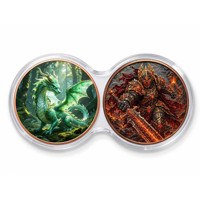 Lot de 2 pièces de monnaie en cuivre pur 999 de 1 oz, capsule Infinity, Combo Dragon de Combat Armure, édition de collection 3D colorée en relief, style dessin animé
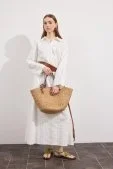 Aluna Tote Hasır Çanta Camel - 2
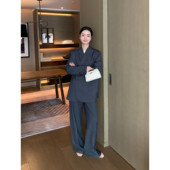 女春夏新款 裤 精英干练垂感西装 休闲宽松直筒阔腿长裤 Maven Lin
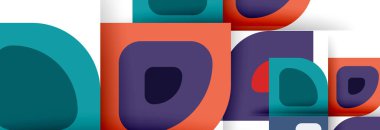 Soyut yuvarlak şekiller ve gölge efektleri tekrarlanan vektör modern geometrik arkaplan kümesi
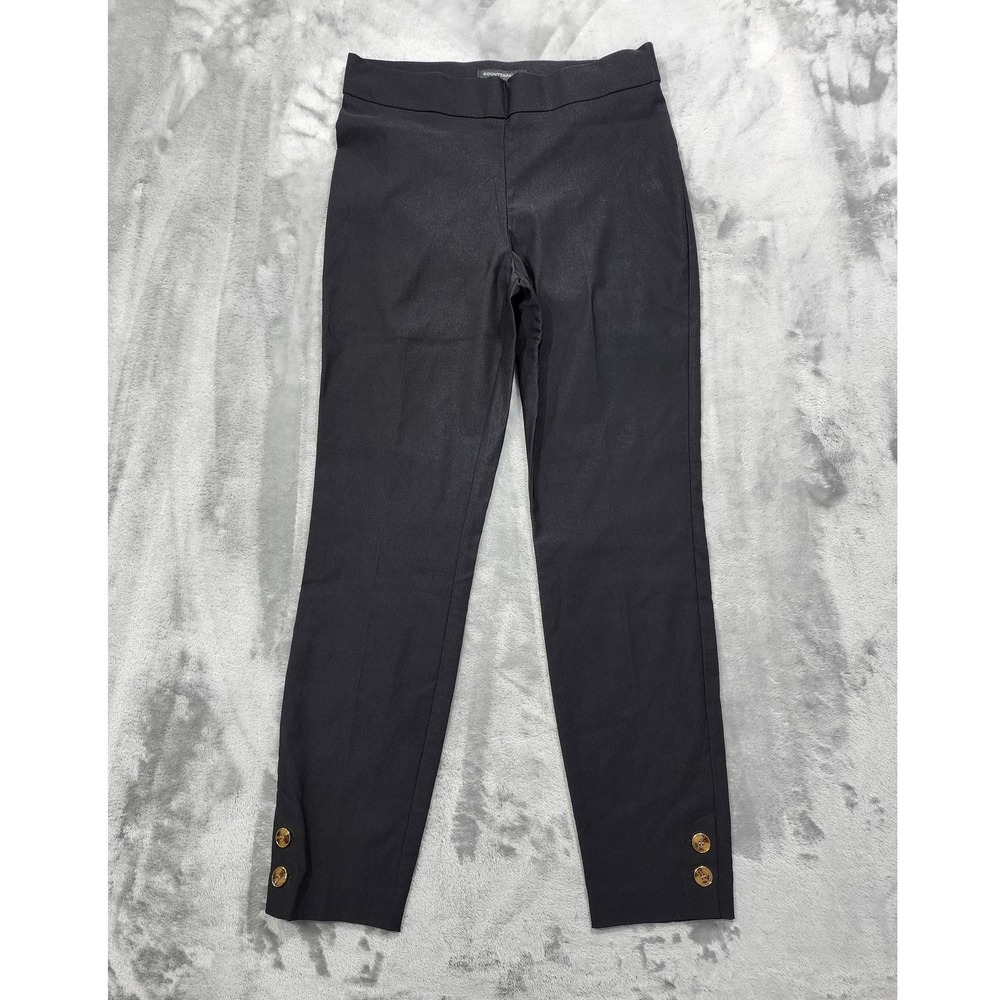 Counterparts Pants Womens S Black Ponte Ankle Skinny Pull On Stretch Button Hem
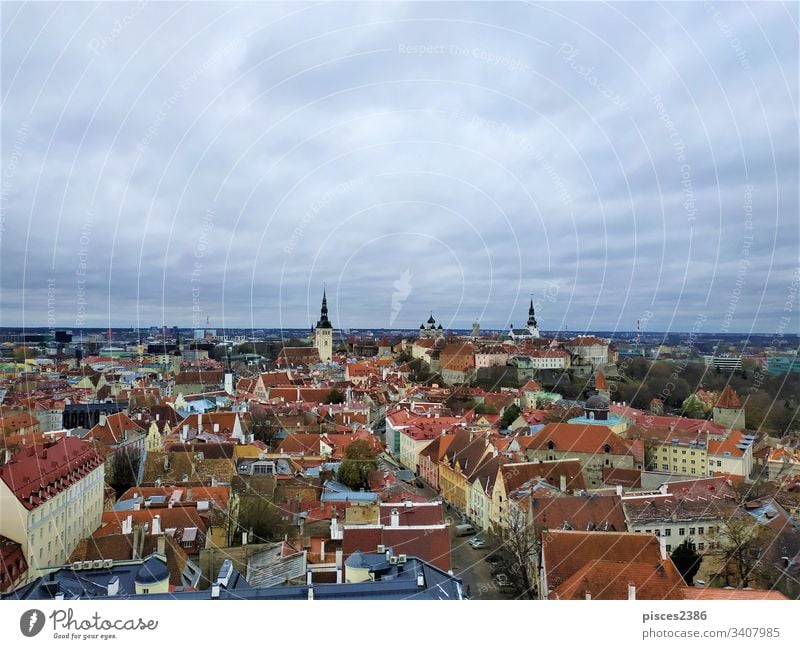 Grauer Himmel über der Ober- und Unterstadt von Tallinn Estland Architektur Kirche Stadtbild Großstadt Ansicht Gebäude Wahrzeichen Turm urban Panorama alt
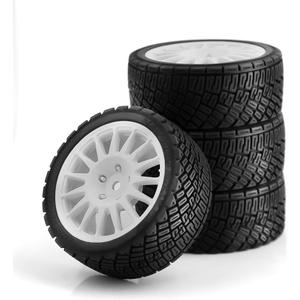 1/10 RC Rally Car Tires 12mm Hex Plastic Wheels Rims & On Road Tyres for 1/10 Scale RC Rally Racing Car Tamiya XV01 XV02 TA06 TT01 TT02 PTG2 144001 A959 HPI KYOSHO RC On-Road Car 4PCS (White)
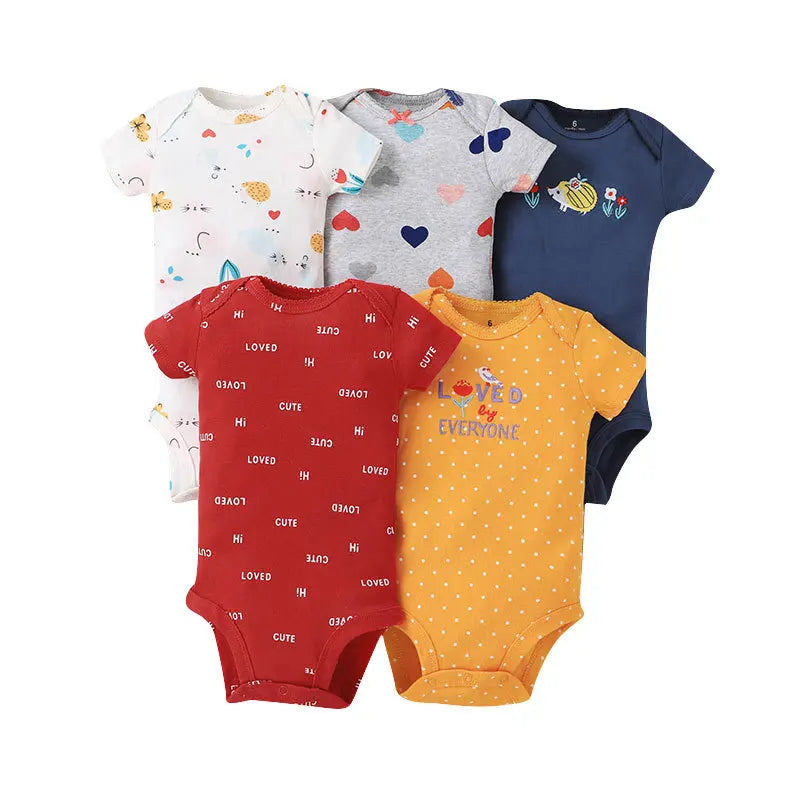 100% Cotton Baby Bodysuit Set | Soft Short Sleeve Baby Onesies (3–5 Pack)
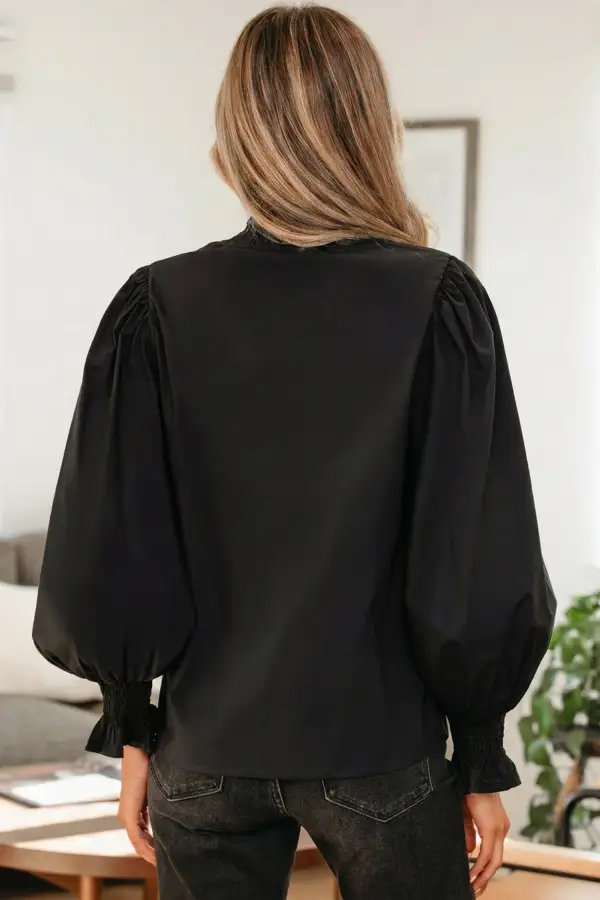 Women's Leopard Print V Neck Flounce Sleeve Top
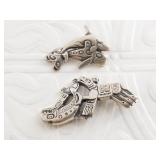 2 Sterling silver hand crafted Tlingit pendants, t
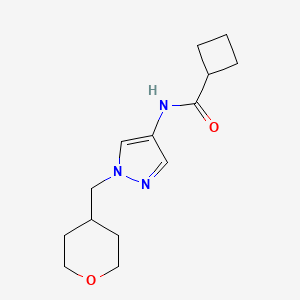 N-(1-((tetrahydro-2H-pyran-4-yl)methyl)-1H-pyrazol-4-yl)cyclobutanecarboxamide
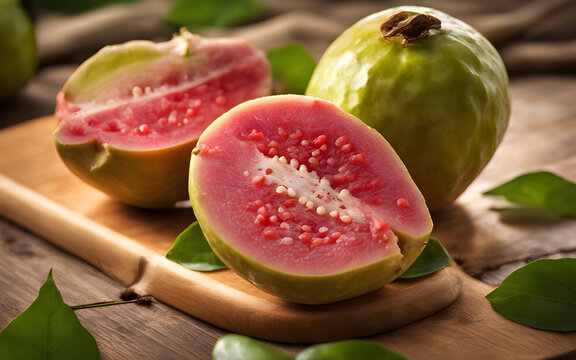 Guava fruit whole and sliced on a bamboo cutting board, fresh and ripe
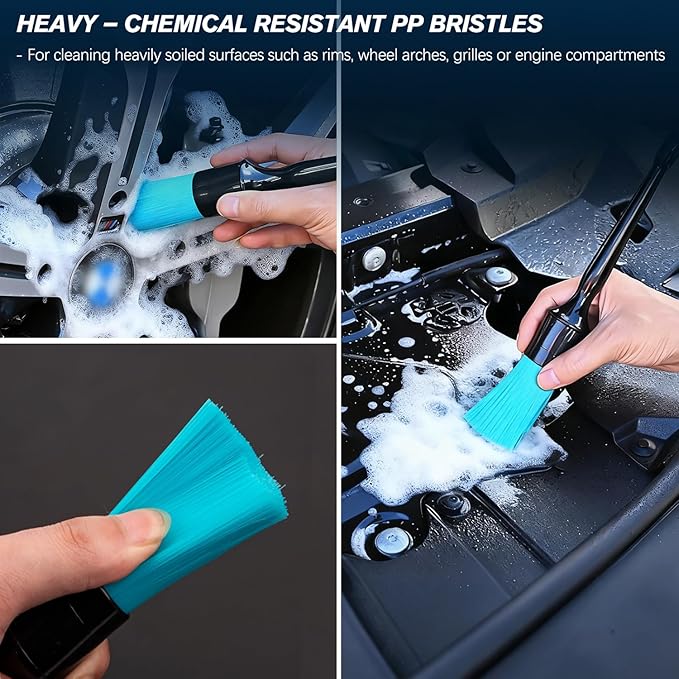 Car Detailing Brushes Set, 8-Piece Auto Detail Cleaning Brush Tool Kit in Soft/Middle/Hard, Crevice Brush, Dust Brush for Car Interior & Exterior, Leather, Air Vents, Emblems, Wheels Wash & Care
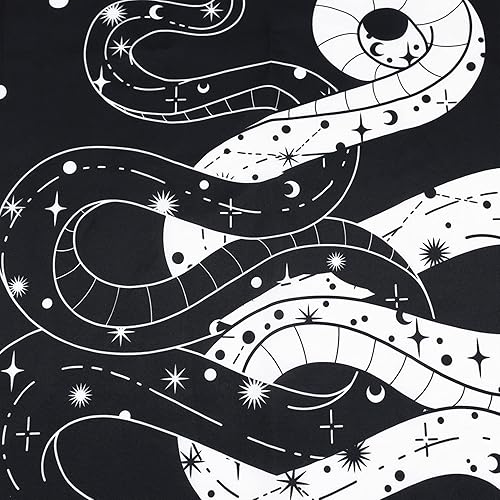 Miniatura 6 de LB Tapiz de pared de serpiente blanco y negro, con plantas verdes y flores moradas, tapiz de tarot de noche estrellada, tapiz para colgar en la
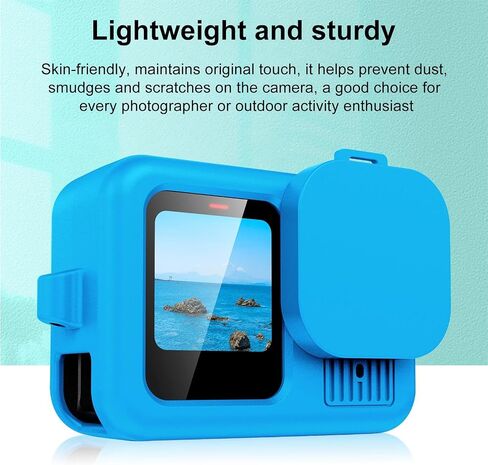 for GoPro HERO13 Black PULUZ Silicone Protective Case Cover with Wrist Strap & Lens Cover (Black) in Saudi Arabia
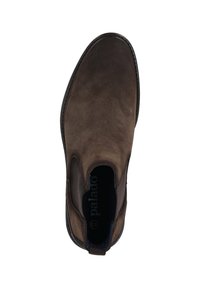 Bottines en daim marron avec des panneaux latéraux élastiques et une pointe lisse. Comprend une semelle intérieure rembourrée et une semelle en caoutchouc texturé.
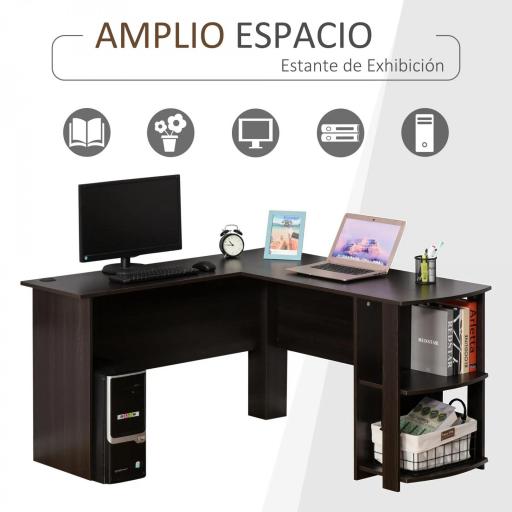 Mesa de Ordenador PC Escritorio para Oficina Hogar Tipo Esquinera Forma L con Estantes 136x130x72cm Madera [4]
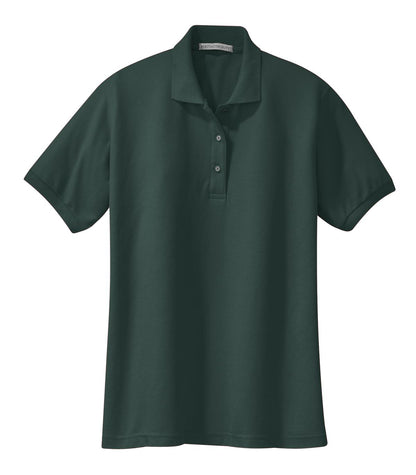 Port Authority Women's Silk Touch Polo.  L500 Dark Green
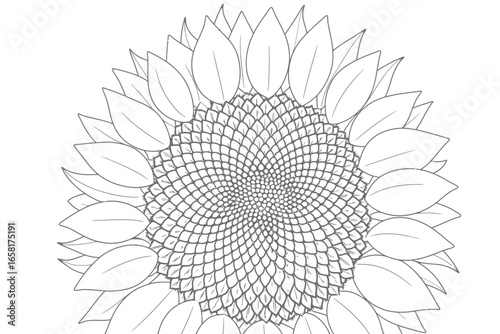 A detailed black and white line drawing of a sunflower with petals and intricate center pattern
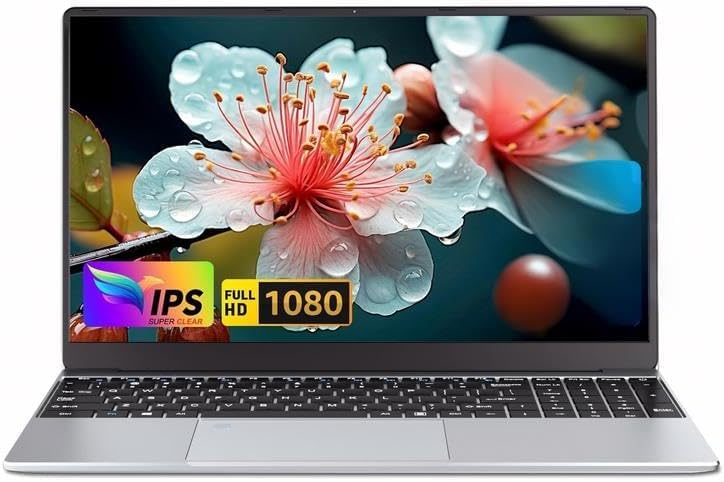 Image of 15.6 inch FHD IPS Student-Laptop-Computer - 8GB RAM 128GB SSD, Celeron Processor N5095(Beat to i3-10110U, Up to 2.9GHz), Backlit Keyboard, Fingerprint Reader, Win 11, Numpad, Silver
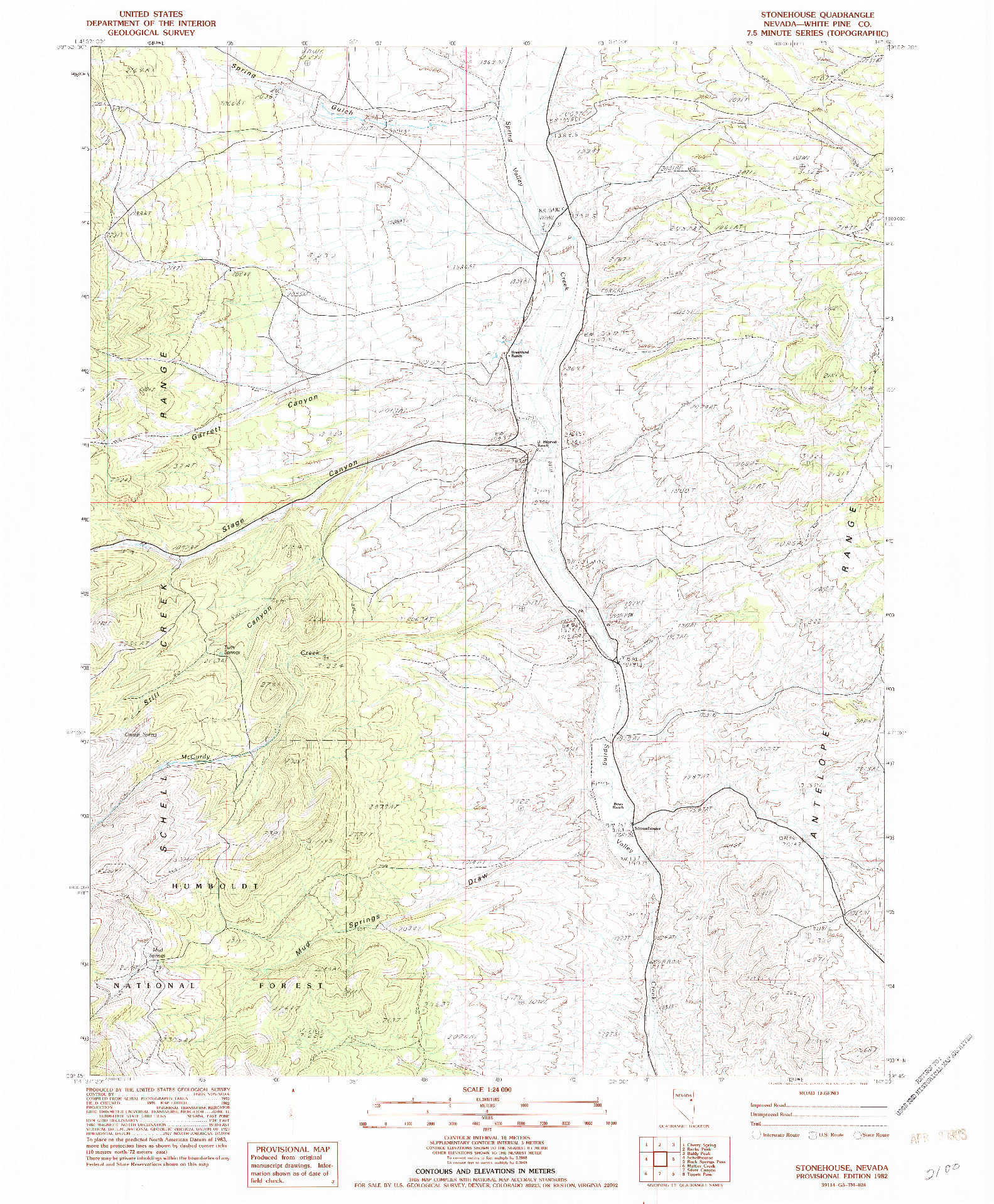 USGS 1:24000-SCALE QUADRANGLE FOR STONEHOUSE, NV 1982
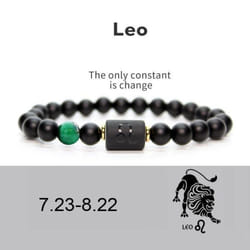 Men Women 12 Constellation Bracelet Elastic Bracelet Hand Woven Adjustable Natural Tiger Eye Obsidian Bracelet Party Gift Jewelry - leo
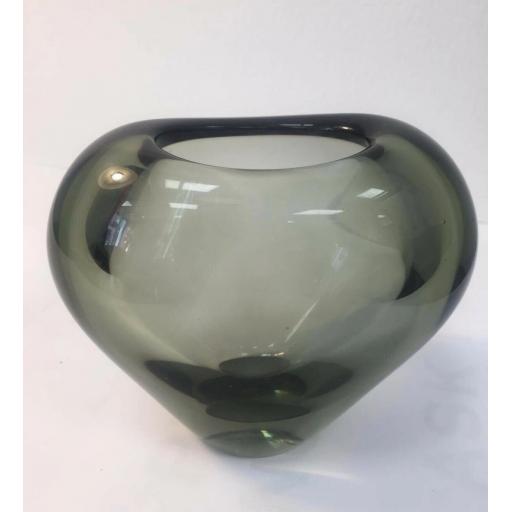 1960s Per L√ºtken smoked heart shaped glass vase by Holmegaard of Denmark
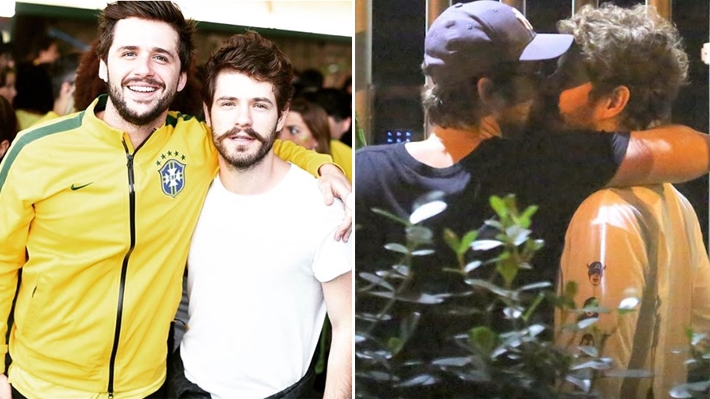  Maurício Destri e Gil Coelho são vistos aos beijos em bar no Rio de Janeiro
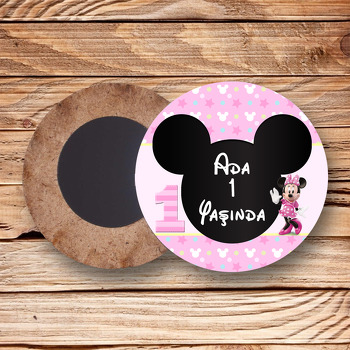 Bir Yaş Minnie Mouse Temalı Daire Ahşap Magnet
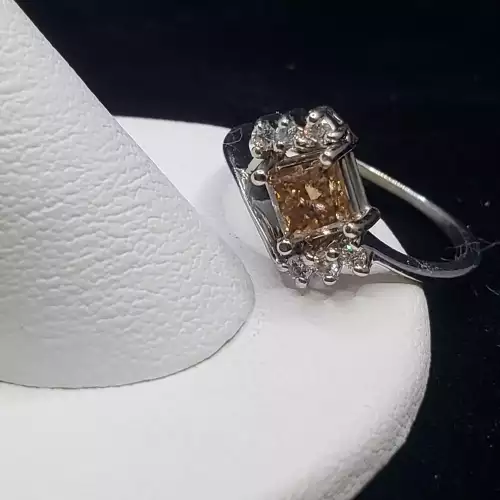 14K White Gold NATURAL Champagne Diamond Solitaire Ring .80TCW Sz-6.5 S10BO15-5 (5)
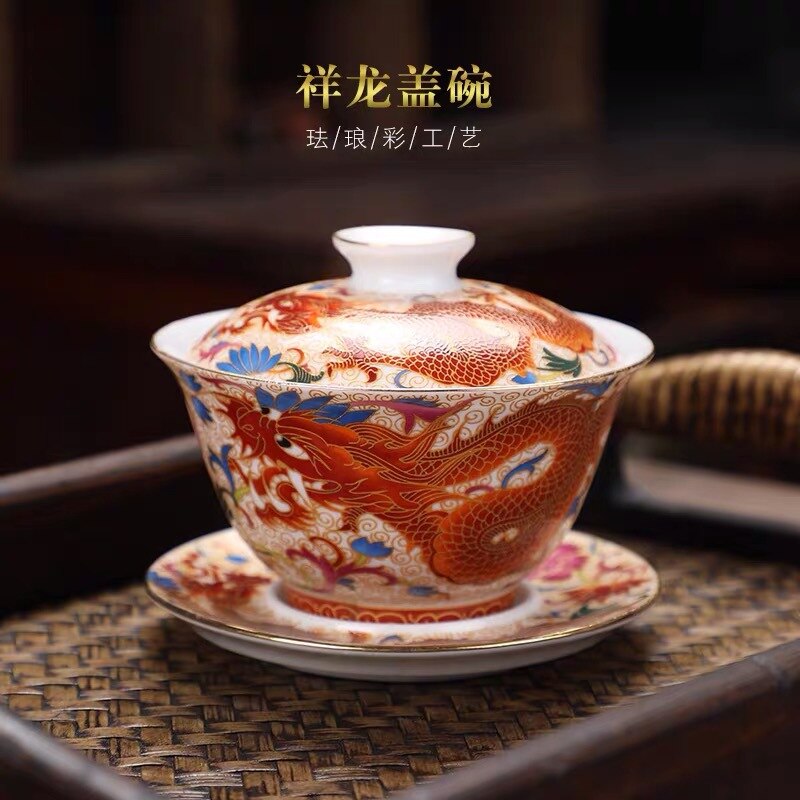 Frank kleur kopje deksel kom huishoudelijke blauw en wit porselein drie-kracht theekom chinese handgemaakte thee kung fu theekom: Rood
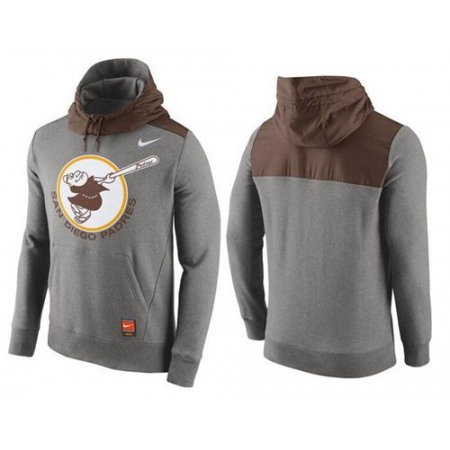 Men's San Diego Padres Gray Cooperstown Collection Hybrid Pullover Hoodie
◇ ◇ ◇ ◇
▶ _EXERCISE OBJECTIVE_:
Find the line with "Guava fruit whole" and the line with "for GoPro HERO13" in the records above. Copy both and all lines between them exactly, without pictures.

▶ _WRITTEN SOLUTION_:
 Guava fruit whole and sliced on a bamboo cutting board, fresh and ripe
 Car Detailing Brushes Set, 8-Piece Auto Detail Cleaning Brush Tool Kit in Soft/Middle/Hard, Crevice Brush, Dust Brush for Car Interior & Exterior, Leather, Air Vents, Emblems, Wheels Wash & Care
 Miniatura 6 de LB Tapiz de pared de serpiente blanco y negro, con plantas verdes y flores moradas, tapiz de tarot de noche estrellada, tapiz para colgar en la
 for GoPro HERO13 Black PULUZ Silicone Protective Case Cover with Wrist Strap & Lens Cover (Black) in Saudi Arabia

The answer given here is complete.